Hamelin et les «conspirationnistes»
Joint hier, le romancier se dit toutefois très critique quant à celles-ci. Il insiste: son ouvrage est un roman. D'autres, comme McLoughlin, auteur de Last Stop Paris (au sujet du meurtre inexpliqué d'un felquiste à Paris en 1971), ont opté pour l'essai. En fait, précise Hamelin: «McLoughlin a fait un essai qui utilise des techniques du roman. Moi, sur Octobre, j'ai fait le contraire: un roman, mais dont une partie est liée à l'histoire réelle, ou ce qu'on en connaît. Ce sont deux démarches opposées. La mienne est moins risquée.»
Cela ne rassure pas tout le monde. L'ex-felquiste Robert Comeau a confié avoir eu une rencontre orageuse avec Louis Hamelin, alors que ce dernier écrivait son roman: «Je n'ai pas aimé qu'il me dise: "Lorsque je ne sais pas ce qui est arrivé, j'invente". Je lui ai répondu que je craignais le résultat et l'effet sur l'Histoire.» Hamelin invoque bien sûr la liberté romanesque pour «inventer». N'empêche, dans les communiqués de Boréal, on cite l'écrivain Jacques Godbout parlant de ce roman comme un livre de référence: «Plus personne n'osera parler de ces événements sans se référer à la Constellation du lynx.»
«Je n'ai pas la prétention de dire la vérité, nuance Hamelin. Au fond, c'est la différence entre les conspirationnistes et moi. Eux en sont venus à penser qu'ils possèdent la vérité.» Il y a dans cette conception des choses, explique-t-il, une tendance religieuse: «Ils cherchent la Grande Explication, avec des majuscules.» Hamelin revendique plutôt la complexité: «J'ai cherché à comprendre comment un entrecroisement, une imbrication de forces sur le terrain ont abouti à la mort d'un homme.»

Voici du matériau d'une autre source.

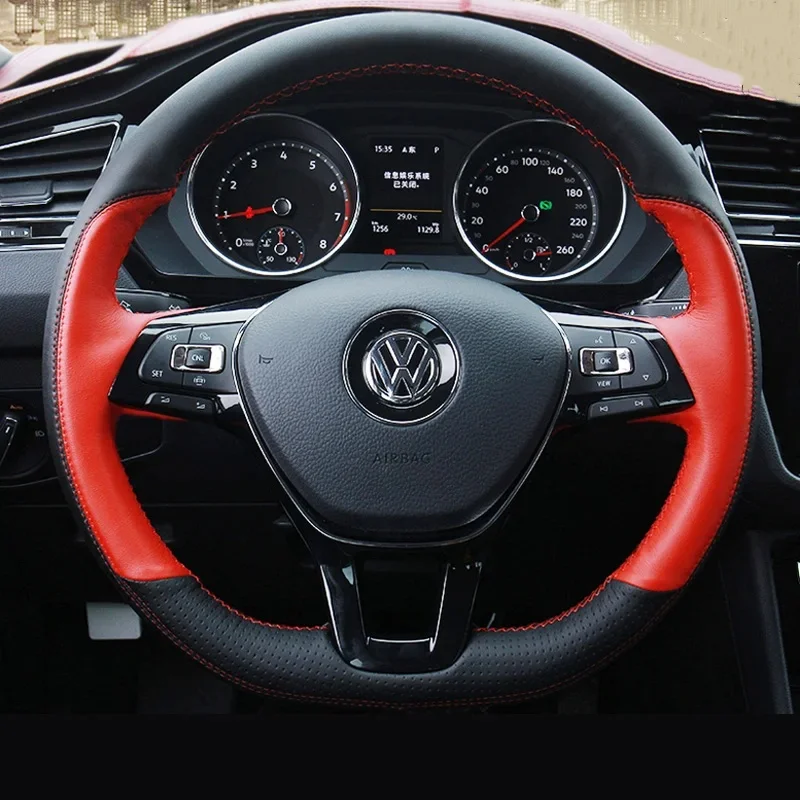 Customized Hand Sewing Car Steering Wheel Cover For Volkswagen Tiguan T-Cross Tayron Bora Tharu T-Roc Jetta Leather Wrap Interio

Les théories conspirationnistes les plus farfelues, celles qui «dérivent», ont l'inconvénient de discréditer toute tentative de mener une réflexion sérieuse sur de potentielles «manipulations politico-médiatiques», déplore Hamelin. Tout n'est toutefois pas à rejeter dans ces oeuvres. Vallières et Ferron «ont eu des intuitions qui semblent très valables». Surtout que, comme insistait Vallières dans son livre, à cette époque, il y a eu de réels complots avérés de la part du pouvoir: provocations policières, granges brûlées, coup de la Brinks.
Croire les acteurs?
«Plus on s'éloigne de l'événement, plus il y a un risque d'extrapoler et de faire des liens entre des choses qui n'ont aucun rapport réel», avertit toutefois Jean-François Duchaine. Il estime que son rapport avait infirmé, dès 1981, bien des hypothèses des théoriciens du complot, notamment celle d'une participation active de la CIA à la Crise d'octobre. Il soutient aussi que les reportages des derniers jours ne lui ont rien appris. Il garde un souvenir vif du moment où il a pu écouter pour la première fois la conversation enregistrée — illégalement — entre Jacques Rose et son avocat Robert Lemieux, que Radio-Canada citait la semaine dernière: «C'est un des seuls documents où un des felquistes explique un peu ce qui s'est passé.» Et la conversation ne contient «absolument rien» qui conforterait une quelconque théorie du complot, insiste-t-il.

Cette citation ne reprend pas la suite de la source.